Ed era la mia maestra delle elementari, la mia maestra preferita! Si trovava lì, anche lei!

Il mio era il penultimo intervento, perciò dopo mezz’ora mi sono ritrovata libera, a ricevere complimenti, salutare gli amici, prendere  la macchina e tornare in azienda, ancora frastornata.
E’ stata un’esperienza bellissima. Non so se voglio rifarla, ma per il momento sono contenta di averci provato.

Ed ora veniamo al sorbetto.

Ingredienti (per 2 persone).

125 ml di acqua
62 g di zucchero semolato
125 ml di succo d’arancia fresco (io ho usato un’arancia tarocco)
50 ml di succo di limone (mezzo limone di dimensioni medie)
la polpa della spremuta d’arancia
4 g di agar agar

Procedimento.

Mettere nel freezer il recipiente che useremo per contenere il sorbetto.
In un pentolino mettere l’acqua e lo zucchero, porre sul fornello a fiamma bassa e portare ad ebollizione per un minuto, mescolando sino al completo scioglimento dello zucchero. Spegnere il fornello e lasciar raffreddare lo sciroppo.
Spremere l’arancia e filtrare bene il succo con un colino. Spremere anche il limone. Unire il succo d’arancia allo sciroppo, mescolando bene. Aggiungere anche il succo del limone e mescolare. Munirsi di frullatore ad immersione, aggiungere la polpa e frullare, mettendo il frullatore di sbieco, in modo che venga incorporata più aria possibile ( e in modo da sporcare più superfici possibile).
Aggiungere l’agar agar, continuando a frullare.
Fare 3 cicli col frullatore di massimo 5 minuti ciascuno, aspettando qualche minuto fra un ciclo e l’altro in modo da non fondere il motore. Chi ha una gelatiera può fare solo un ciclo e poi mettere tutto dentro la gelatiera.

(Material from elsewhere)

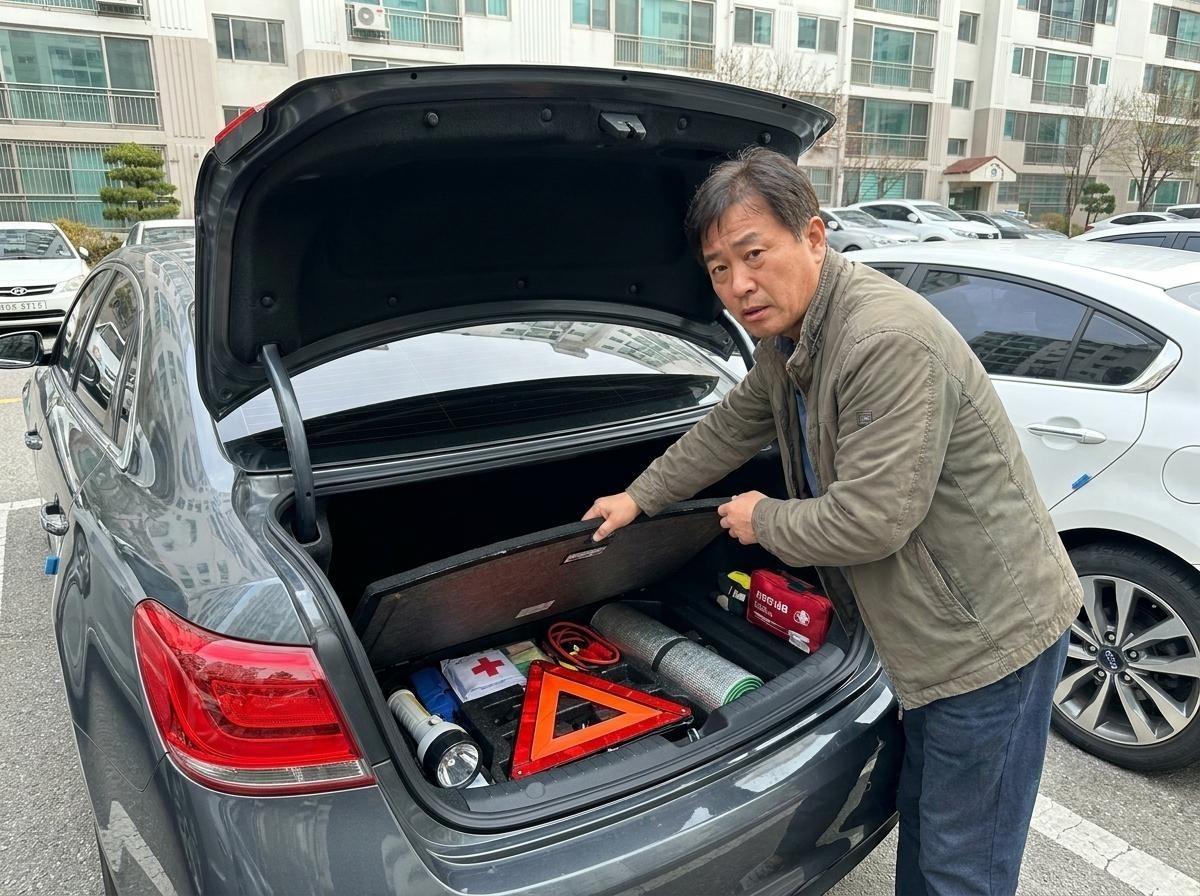 안전삼각대 유무 확인하기. 기사 내용 토대로 AI툴 활용해 제작한 자료사진.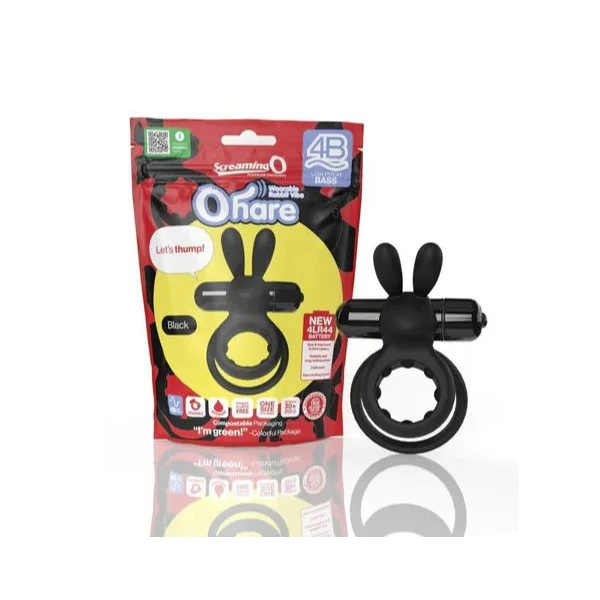 Screaming O 4B Ohare Vibrating Rabbit Cock Ring - Black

Tirare fuori dal freezer il recipiente e versarci il composto, coprire, posizionare nuovamente dentro al freezer per un’ora, tirarlo fuori e mescolare, rompendo eventuali cristalli di ghiaccio. Coprire e mettere nuovamente in freezer per un’ora, poi estrarlo e mescolare di nuovo.
Questo procedimento l’ho fatto per 4 volte di seguito. Alla quarta volta la consistenza era quella desiderata.
Si conserva in freezer. Lasciarlo fuori dal freezer almeno 5 minuti prima di servirlo. Aggiungendoci del succo d’arancia fresco, è la morte sua.